In situ wettability measurements in hydrocarbon reservoir rocks have only been possible recently. The purpose of this work is to present a protocol to characterize the complex wetting conditions of hydrocarbon reservoir rock using pore-scale three-dimensional X-ray imaging at subsurface conditions. In this work, heterogeneous carbonate reservoir rocks, extracted from a very large producing oil field, have been used to demonstrate the protocol. The rocks are saturated with brine and oil and aged over three weeks at subsurface conditions to replicate the wettability conditions that typically exist in hydrocarbon reservoirs (known as mixed-wettability). After the brine injection, high-resolution three-dimensional images (2 µm/voxel) are acquired and then processed and segmented. To calculate the distribution of the contact angle, which defines the wettability, the following steps are performed. First, fluid-fluid and fluid-rock surfaces are meshed. The surfaces are smoothed to remove voxel artefacts, and in situ contact angles are measured at the three-phase contact line throughout the whole image. The main advantage of this method is its ability to characterize in situ wettability accounting for pore-scale rock properties, such as rock surface roughness, rock chemical composition, and pore size. The in situ wettability is determined rapidly at hundreds of thousands of points.

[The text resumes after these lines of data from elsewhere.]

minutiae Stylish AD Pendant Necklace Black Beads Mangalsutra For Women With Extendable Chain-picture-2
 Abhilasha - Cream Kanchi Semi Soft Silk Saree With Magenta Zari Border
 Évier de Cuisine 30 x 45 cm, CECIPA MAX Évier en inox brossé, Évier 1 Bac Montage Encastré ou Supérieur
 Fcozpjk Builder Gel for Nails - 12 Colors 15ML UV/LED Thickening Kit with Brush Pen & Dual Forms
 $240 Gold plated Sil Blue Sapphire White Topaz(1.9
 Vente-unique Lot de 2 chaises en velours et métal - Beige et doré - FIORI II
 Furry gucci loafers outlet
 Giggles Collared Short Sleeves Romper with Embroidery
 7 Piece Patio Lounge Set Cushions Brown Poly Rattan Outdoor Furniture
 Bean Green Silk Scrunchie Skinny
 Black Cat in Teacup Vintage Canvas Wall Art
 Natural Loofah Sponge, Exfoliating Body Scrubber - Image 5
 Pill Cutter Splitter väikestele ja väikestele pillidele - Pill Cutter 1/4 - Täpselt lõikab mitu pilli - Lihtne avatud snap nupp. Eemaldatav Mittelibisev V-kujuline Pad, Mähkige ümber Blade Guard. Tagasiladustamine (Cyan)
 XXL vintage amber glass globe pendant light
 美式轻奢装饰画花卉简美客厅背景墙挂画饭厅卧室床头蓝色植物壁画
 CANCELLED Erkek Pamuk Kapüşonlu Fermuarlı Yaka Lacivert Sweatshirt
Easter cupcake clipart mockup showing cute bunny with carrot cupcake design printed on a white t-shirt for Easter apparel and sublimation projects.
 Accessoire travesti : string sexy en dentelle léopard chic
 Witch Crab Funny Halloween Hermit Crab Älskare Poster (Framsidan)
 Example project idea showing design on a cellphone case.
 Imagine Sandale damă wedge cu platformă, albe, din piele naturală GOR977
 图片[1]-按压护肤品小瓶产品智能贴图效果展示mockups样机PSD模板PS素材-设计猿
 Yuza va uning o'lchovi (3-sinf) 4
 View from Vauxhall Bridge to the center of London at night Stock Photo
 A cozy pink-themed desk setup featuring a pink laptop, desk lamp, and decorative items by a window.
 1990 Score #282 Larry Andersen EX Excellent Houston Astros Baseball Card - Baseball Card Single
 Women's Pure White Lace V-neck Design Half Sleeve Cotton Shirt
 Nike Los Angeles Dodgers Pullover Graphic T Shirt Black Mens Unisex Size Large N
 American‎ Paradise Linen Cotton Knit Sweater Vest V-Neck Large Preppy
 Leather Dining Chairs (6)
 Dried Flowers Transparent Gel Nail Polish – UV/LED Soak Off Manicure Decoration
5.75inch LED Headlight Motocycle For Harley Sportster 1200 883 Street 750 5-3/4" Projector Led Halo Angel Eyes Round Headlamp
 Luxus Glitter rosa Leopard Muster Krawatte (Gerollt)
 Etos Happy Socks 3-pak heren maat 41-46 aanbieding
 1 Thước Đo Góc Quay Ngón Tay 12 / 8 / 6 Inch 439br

The method is limited by the segmentation accuracy and X-ray image resolution. This protocol could be used to characterize the wettability of other complex rocks saturated with different fluids and at different conditions for a variety of applications. For example, it could help in determining the optimal wettability that could yield an extra oil recovery (i.e., designing brine salinity accordingly to obtain higher oil recovery) and to find the most efficient wetting conditions to trap more CO2 in subsurface formations.
Wettability (the contact angle between immiscible fluids at a solid surface) is one of the key properties that control fluid configurations and oil recovery in reservoir rocks. Wettability affects macroscopic flow properties including relative permeability and capillary pressure1,2,3,4,5,6. However, measuring the in situ wettability of reservoir rock has remained a challenge. Reservoir rock wettability has been determined traditionally at the core scale, indirectly using wettability indices7,8, and directly ex situ on flat mineral surfaces4,9,10,11. Both wettability indices and ex situ contact angle measurements are limited and cannot characterize the mixed-wettability (or range of contact angle) that typically exist in hydrocarbon reservoirs. Moreover, they do not account for pore-scale rock properties, such as rock mineralogy, surface roughness, pore-geometry, and spatial heterogeneity, that have a direct impact on the fluid arrangement at the pore scale.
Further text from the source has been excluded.